Whether, and if so, to what extent the Federal Ministry of Finance makes use of the authorization is not yet foreseeable. To date, the Bundestag and Bundesrat have been competent for QRM special measures. If the EU fails to make a successive regulation, the QRM will cease to be in force by 31 December 2018, at the latest. Any statutory instruments not yet authorized by the EU Council would thus also lose their legal base.

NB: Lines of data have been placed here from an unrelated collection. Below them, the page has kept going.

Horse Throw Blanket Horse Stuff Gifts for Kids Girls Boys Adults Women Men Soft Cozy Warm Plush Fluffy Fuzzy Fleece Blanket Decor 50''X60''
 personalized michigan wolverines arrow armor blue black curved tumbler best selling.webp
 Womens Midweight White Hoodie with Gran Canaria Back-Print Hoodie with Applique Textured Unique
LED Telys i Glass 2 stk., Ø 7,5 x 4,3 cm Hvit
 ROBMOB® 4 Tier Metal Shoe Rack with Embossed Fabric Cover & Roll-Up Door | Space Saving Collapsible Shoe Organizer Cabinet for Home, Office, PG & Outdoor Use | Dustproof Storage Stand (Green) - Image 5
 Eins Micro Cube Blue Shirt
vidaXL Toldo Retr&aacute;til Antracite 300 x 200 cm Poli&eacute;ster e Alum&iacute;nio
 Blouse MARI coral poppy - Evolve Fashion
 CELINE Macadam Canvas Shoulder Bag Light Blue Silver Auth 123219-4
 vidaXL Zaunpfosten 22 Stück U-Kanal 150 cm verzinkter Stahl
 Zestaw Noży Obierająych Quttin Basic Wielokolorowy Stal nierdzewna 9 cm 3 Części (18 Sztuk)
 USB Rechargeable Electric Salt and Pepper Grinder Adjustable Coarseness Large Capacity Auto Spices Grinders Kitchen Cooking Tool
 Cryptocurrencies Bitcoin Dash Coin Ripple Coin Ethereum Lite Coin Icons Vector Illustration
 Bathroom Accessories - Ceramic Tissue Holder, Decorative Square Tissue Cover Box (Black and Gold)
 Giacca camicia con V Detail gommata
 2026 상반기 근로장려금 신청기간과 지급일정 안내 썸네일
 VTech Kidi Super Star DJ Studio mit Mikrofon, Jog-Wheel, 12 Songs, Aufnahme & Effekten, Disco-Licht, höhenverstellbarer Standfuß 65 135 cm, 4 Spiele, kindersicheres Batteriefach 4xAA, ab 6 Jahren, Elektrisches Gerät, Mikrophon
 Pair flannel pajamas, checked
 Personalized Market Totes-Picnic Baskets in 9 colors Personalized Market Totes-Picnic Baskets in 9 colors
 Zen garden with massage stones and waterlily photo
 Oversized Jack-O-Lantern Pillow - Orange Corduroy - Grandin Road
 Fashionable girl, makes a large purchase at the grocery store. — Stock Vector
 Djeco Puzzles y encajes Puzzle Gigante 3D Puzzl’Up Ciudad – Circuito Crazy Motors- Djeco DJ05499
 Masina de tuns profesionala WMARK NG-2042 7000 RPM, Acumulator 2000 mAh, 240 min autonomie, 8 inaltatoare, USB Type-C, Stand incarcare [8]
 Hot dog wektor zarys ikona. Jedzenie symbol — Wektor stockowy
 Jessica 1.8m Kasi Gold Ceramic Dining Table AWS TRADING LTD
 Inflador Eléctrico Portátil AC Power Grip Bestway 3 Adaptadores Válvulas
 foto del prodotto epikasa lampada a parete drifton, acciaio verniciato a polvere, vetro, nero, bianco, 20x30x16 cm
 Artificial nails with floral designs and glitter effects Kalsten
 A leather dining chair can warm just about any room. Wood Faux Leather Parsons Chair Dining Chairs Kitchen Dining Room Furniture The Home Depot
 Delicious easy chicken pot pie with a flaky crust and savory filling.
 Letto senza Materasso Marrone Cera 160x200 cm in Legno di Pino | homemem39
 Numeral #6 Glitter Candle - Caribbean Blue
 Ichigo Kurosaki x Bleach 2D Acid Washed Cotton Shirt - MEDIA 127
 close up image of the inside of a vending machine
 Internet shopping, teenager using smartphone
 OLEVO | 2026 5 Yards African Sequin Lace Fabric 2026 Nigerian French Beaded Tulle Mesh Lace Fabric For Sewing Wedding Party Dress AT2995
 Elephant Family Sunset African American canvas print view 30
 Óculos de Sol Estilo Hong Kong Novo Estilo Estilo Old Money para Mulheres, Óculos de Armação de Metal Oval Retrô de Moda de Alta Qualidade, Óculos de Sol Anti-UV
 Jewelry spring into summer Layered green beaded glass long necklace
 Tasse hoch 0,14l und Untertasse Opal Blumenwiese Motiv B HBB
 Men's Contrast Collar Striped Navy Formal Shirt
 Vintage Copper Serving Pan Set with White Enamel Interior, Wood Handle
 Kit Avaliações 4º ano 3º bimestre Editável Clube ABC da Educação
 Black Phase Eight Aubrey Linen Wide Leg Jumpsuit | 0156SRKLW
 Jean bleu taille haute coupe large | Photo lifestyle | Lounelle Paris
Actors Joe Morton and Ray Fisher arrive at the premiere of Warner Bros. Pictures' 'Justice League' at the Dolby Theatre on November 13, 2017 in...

2. Reverse charge mechanism
a) Consideration threshold for supplies of metals according to schedule 4 German VAT Act
With respect to supplies of goods, in accordance with schedule 4, (see below b) to taxable persons, the reverse charge mechanism is only applicable if the consideration for all supplies within a single economic process exceeds the amount of EUR 5,000 (sec.13b para 2 No. 11 of the German VAT Act). The regulation intends to relieve dealers supplying both taxable and non-taxable persons (building materials and hardware trade). These said dealers were facing difficulties in determining whether their customers were taxable persons. In addition, the cash desk systems in use were not compatible with the reverse charge system.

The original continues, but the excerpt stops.